This work proposes the first zero-bit audio watermarking framework designed to be robust against semantic compression, such as that induced by neural audio codecs, which often removes subtle waveform perturbations used by conventional methods. By introducing directional perturbations in a shared, codec-invariant latent space of neural audio codecs, the watermark manifests as a detectable shift in the direction of latent representations while remaining imperceptible to human listeners. The approach integrates cross-codec joint optimization with audio manifold constraints to achieve zero-shot transfer robustness against unseen neural codecs. Experimental results demonstrate state-of-the-art detection performance under diverse neural resynthesis attacks and traditional digital signal processing operations, all while preserving high perceptual audio quality.

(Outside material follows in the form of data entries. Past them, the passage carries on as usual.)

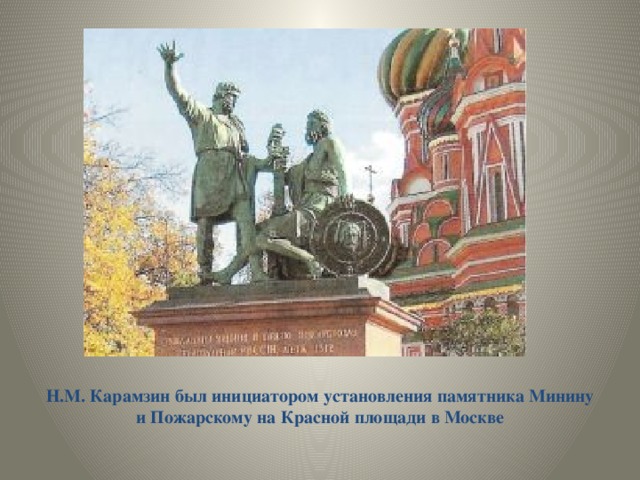 Н.М. Карамзин был инициатором установления памятника Минину и Пожарскому на Красной площади в Москве
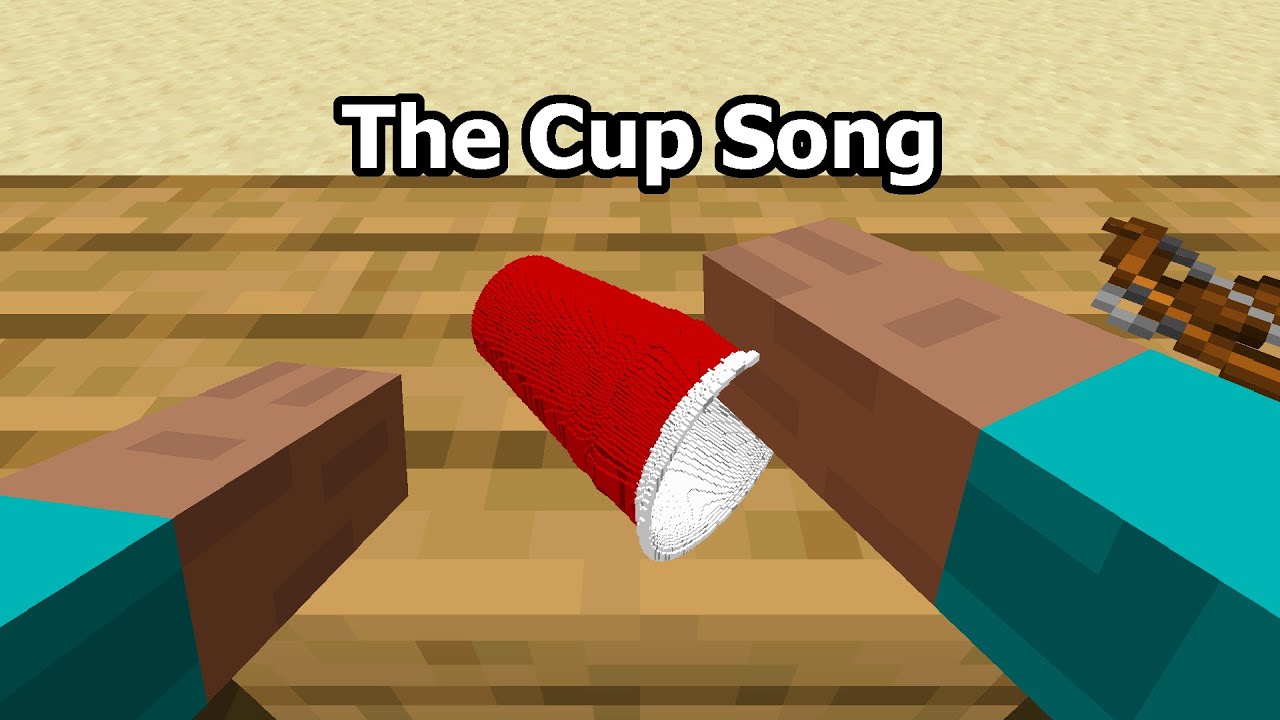 The Cup Song (Minecraft Version) YouTube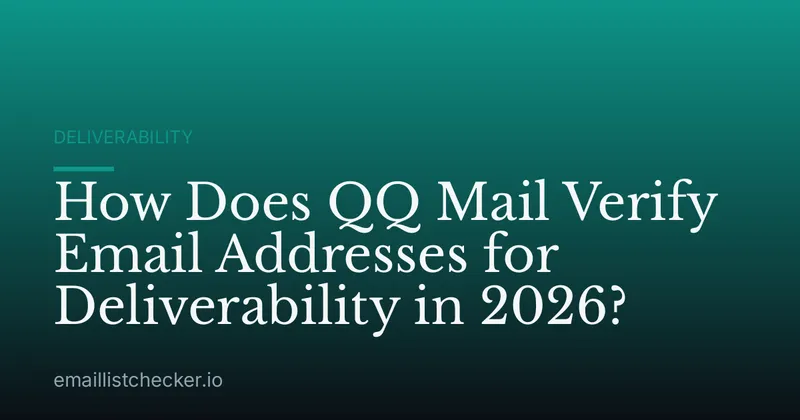 How Does QQ Mail Verify Email Addresses for Deliverability in 2026?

While existing audio watermarking techniques have achieved strong robustness against traditional digital signal processing (DSP) attacks, they remain vulnerable to neural resynthesis. This occurs because modern neural audio codecs act as semantic filters and discard the imperceptible waveform variations used in prior watermarking methods. To address this limitation, we propose Latent-Mark, the first zero-bit audio watermarking framework designed to survive semantic compression. Our key insight is that robustness to the encode-decode process requires embedding the watermark within the codec's invariant latent space. We achieve this by optimizing the audio waveform to induce a detectable directional shift in its encoded latent representation, while constraining perturbations to align with the natural audio manifold to ensure imperceptibility. To prevent overfitting to a single codec's quantization rules, we introduce Cross-Codec Optimization, jointly optimizing the waveform across multiple surrogate codecs to target shared latent invariants. Extensive evaluations demonstrate robust zero-shot transferability to unseen neural codecs, achieving state-of-the-art resilience against traditional DSP attacks while preserving perceptual imperceptibility. Our work inspires future research into universal watermarking frameworks capable of maintaining integrity across increasingly complex and diverse generative distortions.